◆ **Directions for this task**
Each entry below should be echoed exactly, with pictures omitted.

◆ **Pictures with short captions**
════
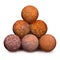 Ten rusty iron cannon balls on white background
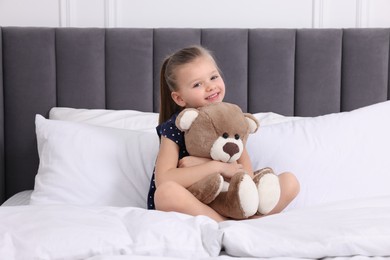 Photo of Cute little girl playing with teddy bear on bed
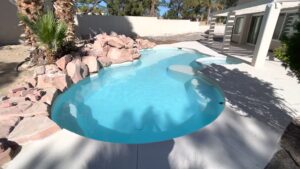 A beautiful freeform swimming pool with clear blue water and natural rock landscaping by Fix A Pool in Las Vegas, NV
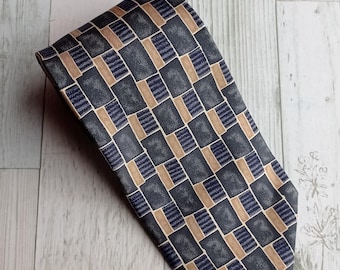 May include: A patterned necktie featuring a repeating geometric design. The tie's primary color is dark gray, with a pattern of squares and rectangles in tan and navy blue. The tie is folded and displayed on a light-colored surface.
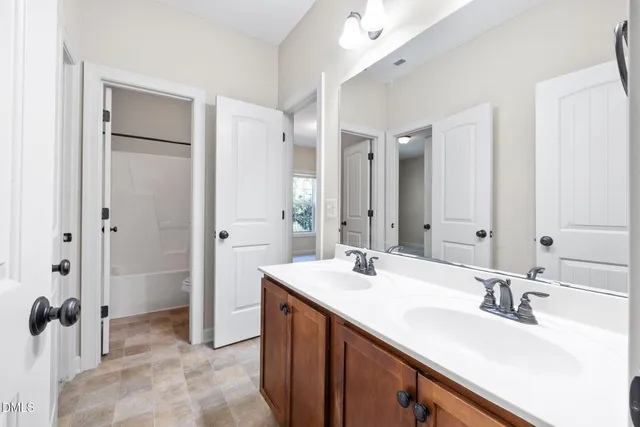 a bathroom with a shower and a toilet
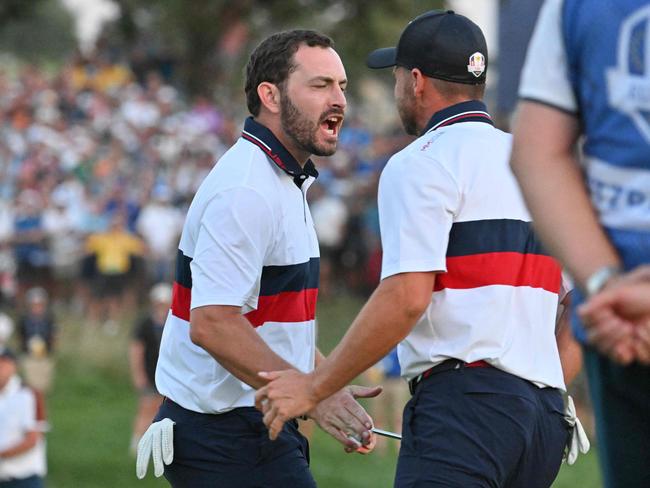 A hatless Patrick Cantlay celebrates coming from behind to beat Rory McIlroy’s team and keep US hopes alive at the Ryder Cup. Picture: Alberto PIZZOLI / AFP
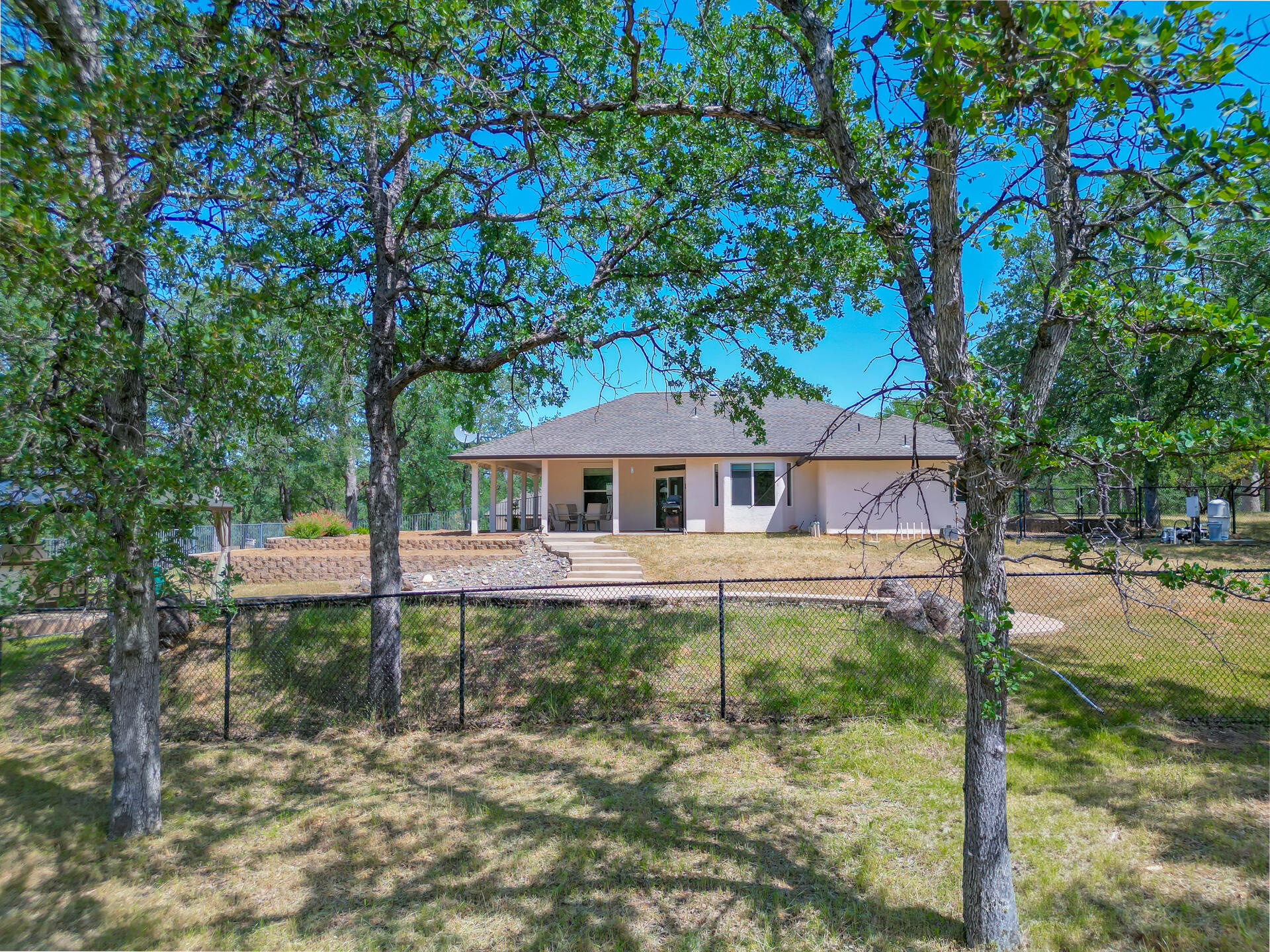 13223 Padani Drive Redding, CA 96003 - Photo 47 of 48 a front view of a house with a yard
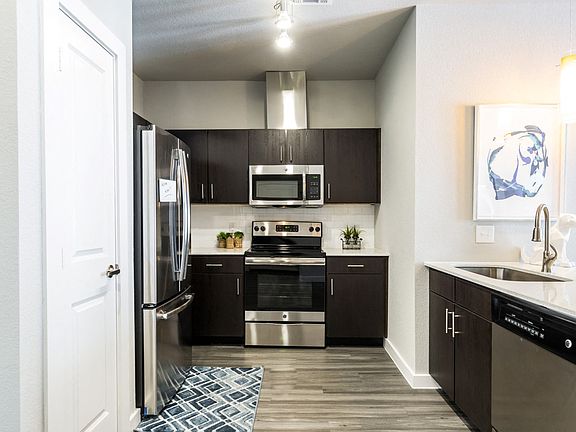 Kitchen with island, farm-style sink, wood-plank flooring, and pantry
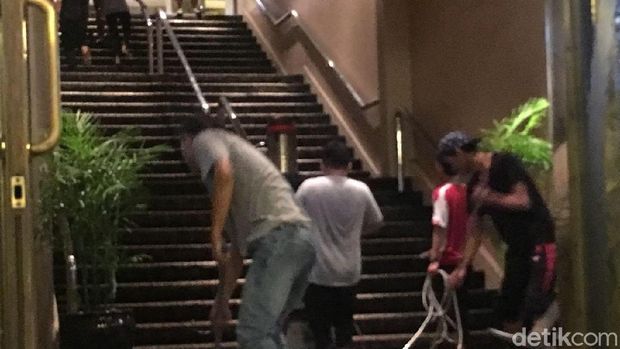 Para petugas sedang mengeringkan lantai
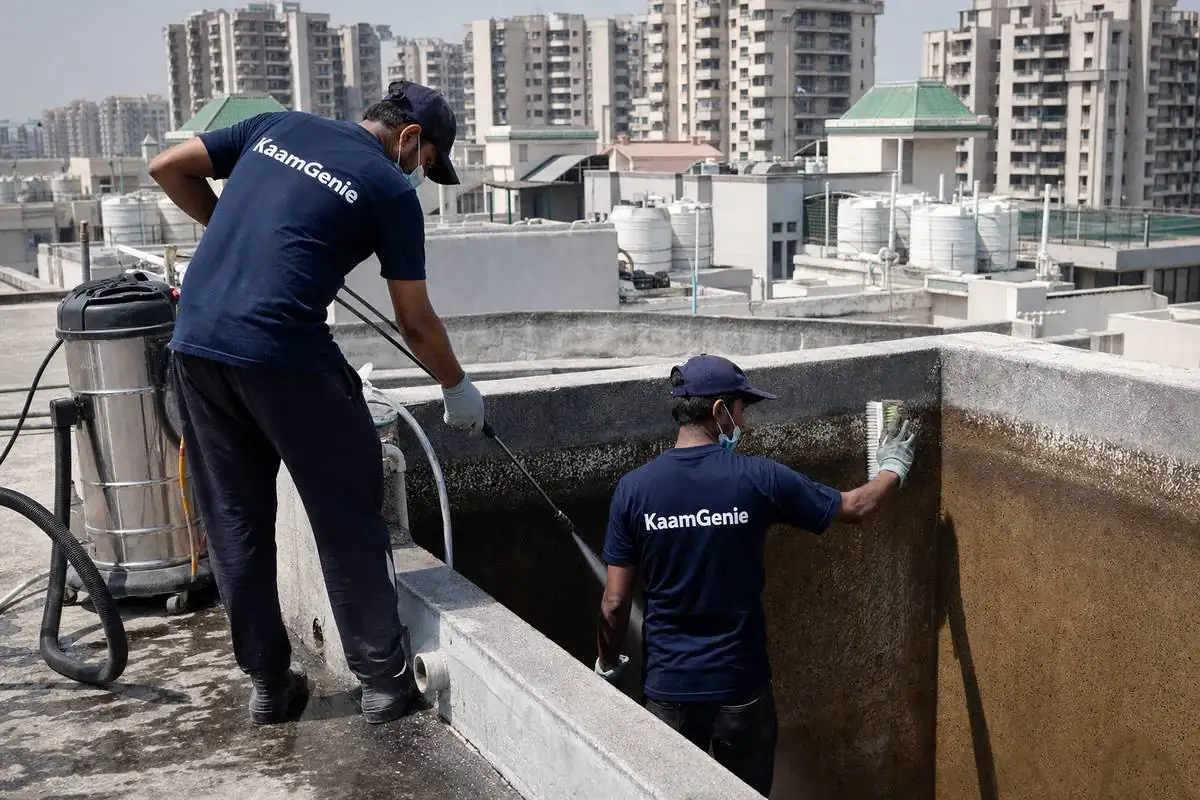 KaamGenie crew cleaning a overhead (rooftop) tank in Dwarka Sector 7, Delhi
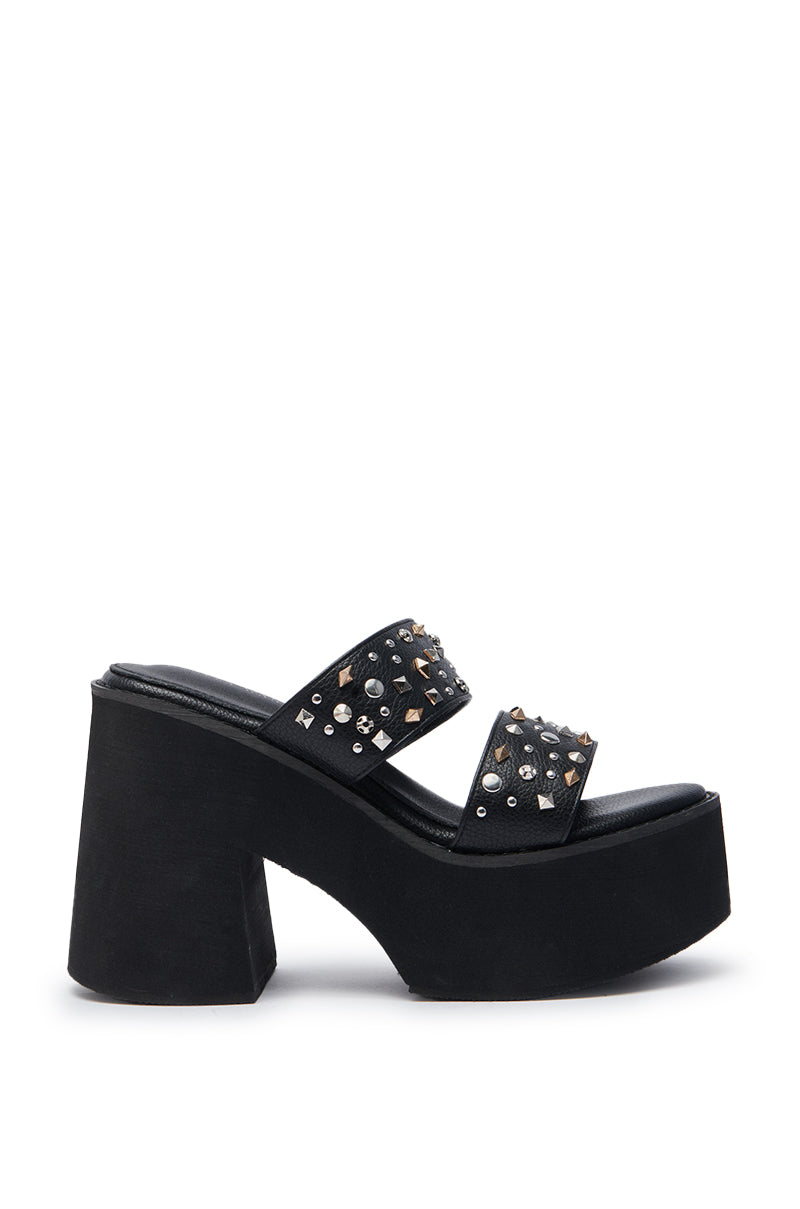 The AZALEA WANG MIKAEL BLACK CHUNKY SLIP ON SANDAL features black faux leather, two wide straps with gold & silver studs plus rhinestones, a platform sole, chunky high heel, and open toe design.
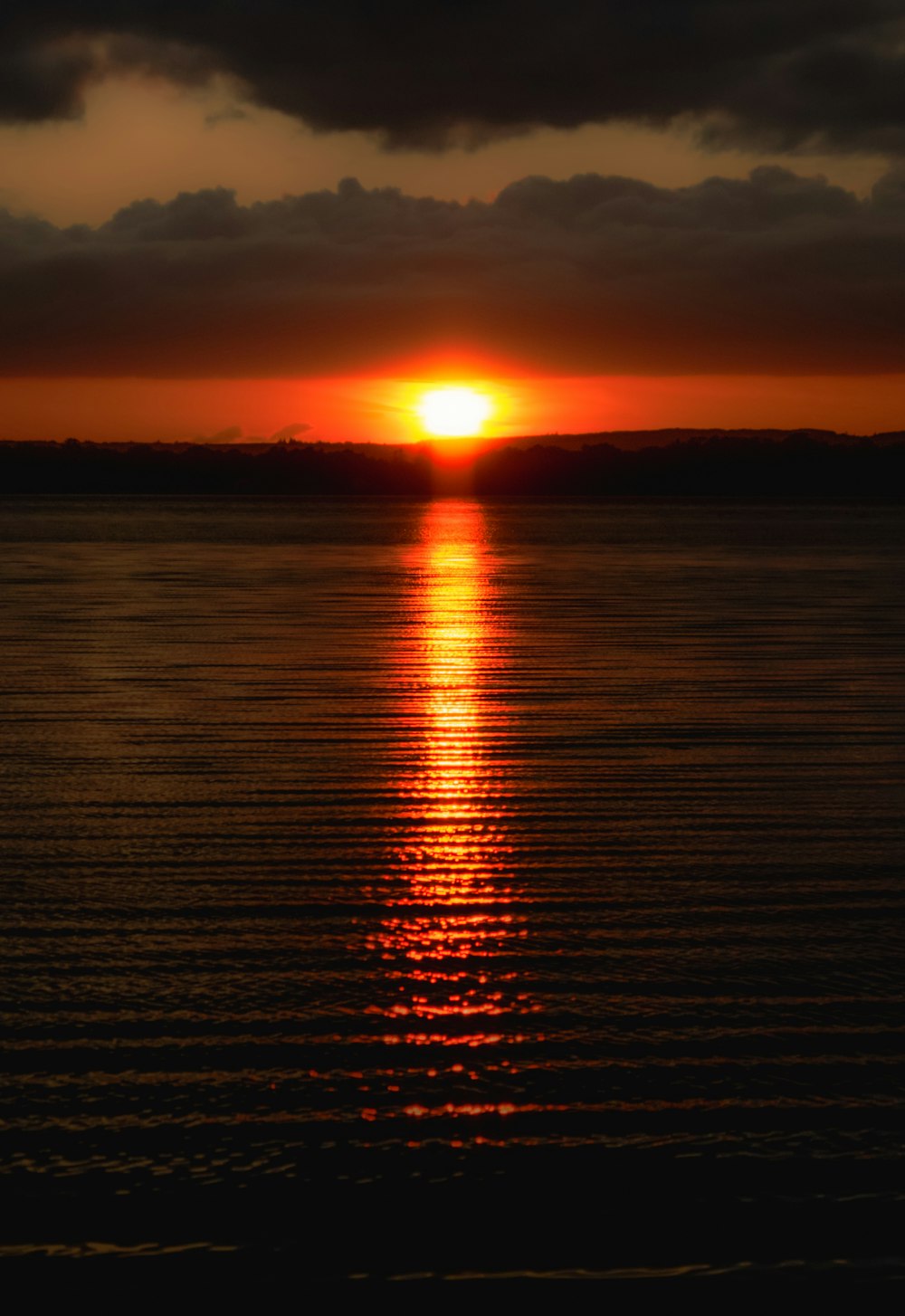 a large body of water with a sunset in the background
════
◆ **Output for this task**
 Ten rusty iron cannon balls on white background
 Photo of Cute little girl playing with teddy bear on bed
 A beautiful freeform swimming pool with clear blue water and natural rock landscaping by Fix A Pool in Las Vegas, NV
 May include: A patterned necktie featuring a repeating geometric design. The tie's primary color is dark gray, with a pattern of squares and rectangles in tan and navy blue. The tie is folded and displayed on a light-colored surface.
 a bathroom with a shower and a toilet
 A hatless Patrick Cantlay celebrates coming from behind to beat Rory McIlroy’s team and keep US hopes alive at the Ryder Cup. Picture: Alberto PIZZOLI / AFP
 13223 Padani Drive Redding, CA 96003 - Photo 47 of 48 a front view of a house with a yard
 Kitchen with island, farm-style sink, wood-plank flooring, and pantry
 Para petugas sedang mengeringkan lantai
 KaamGenie crew cleaning a overhead (rooftop) tank in Dwarka Sector 7, Delhi
 The AZALEA WANG MIKAEL BLACK CHUNKY SLIP ON SANDAL features black faux leather, two wide straps with gold & silver studs plus rhinestones, a platform sole, chunky high heel, and open toe design.
 a large body of water with a sunset in the background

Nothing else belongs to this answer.